Versioning is an extra benefit. Or more precisely, the fact that you don’t need to worry about it. If you’re using different versions of ABAP in different dev systems – and therefore have different versions of SCI across them – ATC helps to run the right checks in each location by ensuring you have a version of SCI that can be used in all your Dev systems, from most to least current.
Figure 1: One central check system for multiple systems on various releases
The idea is to allow remote development systems to run the SCI variant in the ATC central system. That means they need a way to connect to it, so it makes sense that you can only use Remote Function Call (RFC) based checks in the central SCI variant.
Screenshot: RFC based SCI checks in a Central variant
Figure 2: ATC Central SCI variant can only use RFC-based checks
Implementing ATC
To make a success of implementing ATC, there needs to be a dialogue with developers. First, you need to help the development team to understand how ATC can reduce code issues in the future. ATC includes performance, security, and robust programming checks that can detect issues that could otherwise result in rework. A big part of the conversation with developers is how ATC enables them to have more ownership of code quality, and how this helps their workflow and product quality.

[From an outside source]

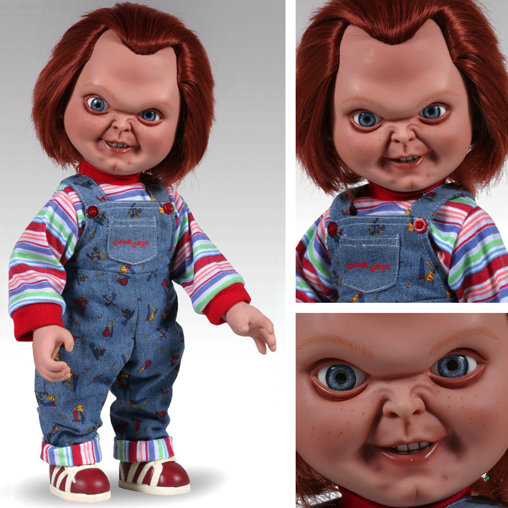 Chucky die Mörderpuppe: Chucky, Puppe ... https://spaceart.de/produkte/chucky-die-moerderpuppe-sideshow-chk003.php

Next, there needs to be agreement on a consolidated SCI variant that can be used across all the development systems. There may be some debate around this. When we implemented ATC, we went through all the suboptions in ATC and held meetings to agree on the right variant for us. This remains open for review. Someone might suggest new checks we should enable, or we might remove checks that we later discover are not helpful to us.
In theory, it would be ideal to centralise all checks in ATC. In practice, there will be issues that developers of some applications (e.g. BW) want to be flagged, but which developers of other systems would not find helpful. In that case, you can exclude those issues from the central variant, and run SCI additionally locally for checks that only apply to certain applications.

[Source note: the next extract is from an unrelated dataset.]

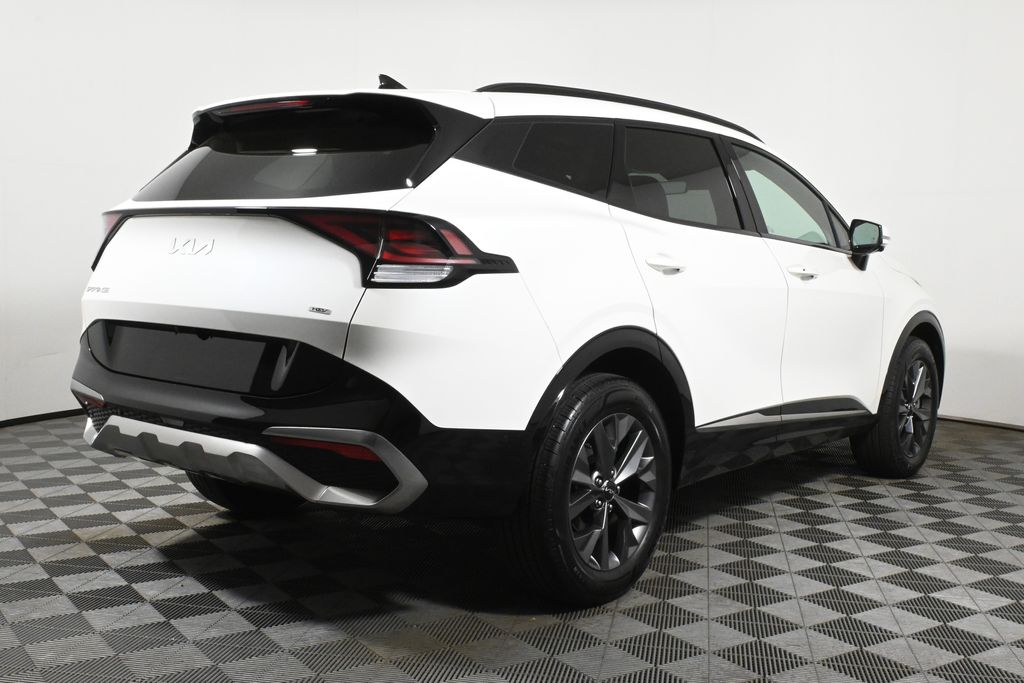 2023 Kia Sportage SX Prestige 8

Establishing a baseline and managing exemptions
With the SCI variant defined, you need to identify all the issues it raises in the existing code. You are likely to identify issues for which you need to raise internal change requests to have them fixed.
To avoid overwhelming developers, ATC has the concept of creating a baseline of the issues in your current code that you do not want to be flagged in future ATC results. This enables you to focus your attention on what really matters to your business and to ignore issues that a human review reveals are not an issue for your code, or which cannot be practically fixed.

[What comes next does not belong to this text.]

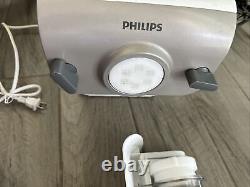Philips HR2357 Machine à pâtes Noodle Maker Avancée avec Fonctions Automatiques Supplémentaires, Fonctionne à la perfection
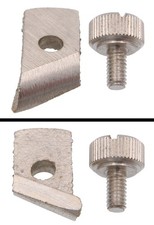 Founder's Grade Right Side Cap & Screw for English Stanley No. 79 - mjdtoolparts picture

The escalation handling process needs to be defined for when developers request an exemption because ATC is flagging something they believe needs to stay as-is. Upon email notification of an exemption, ATC administrators log into the central ATC system and can then approve or reject the exemption request, based on the developer’s justification.
Automating checks in ATC
By default, ATC allows you to automate checks in a development system on transport release. If issues are detected, there is the option to inform the developer or to create an error and stop the transport release. That helps to enforce quality, but it’s frustrating for developers who think they have finished making a change, only to find ATC rejecting it. They have to go back to the code, make changes, and do the unit testing again.
Third-party automation tools enable you to run the checks before the developer even tries to release the transport to QA. For example, when the developer enters the desired unit test results in the development system, automation can be used to run ATC. Automation can be used to trigger checks using local SCI variants, too, to ensure that any application-specific quality issues are also identified.
Some companies use automation to run the same checks in the inbox of the QA system. This provides a safety net and revalidates that the transport is ready for QA, and also enables QA to run any additional checks they require.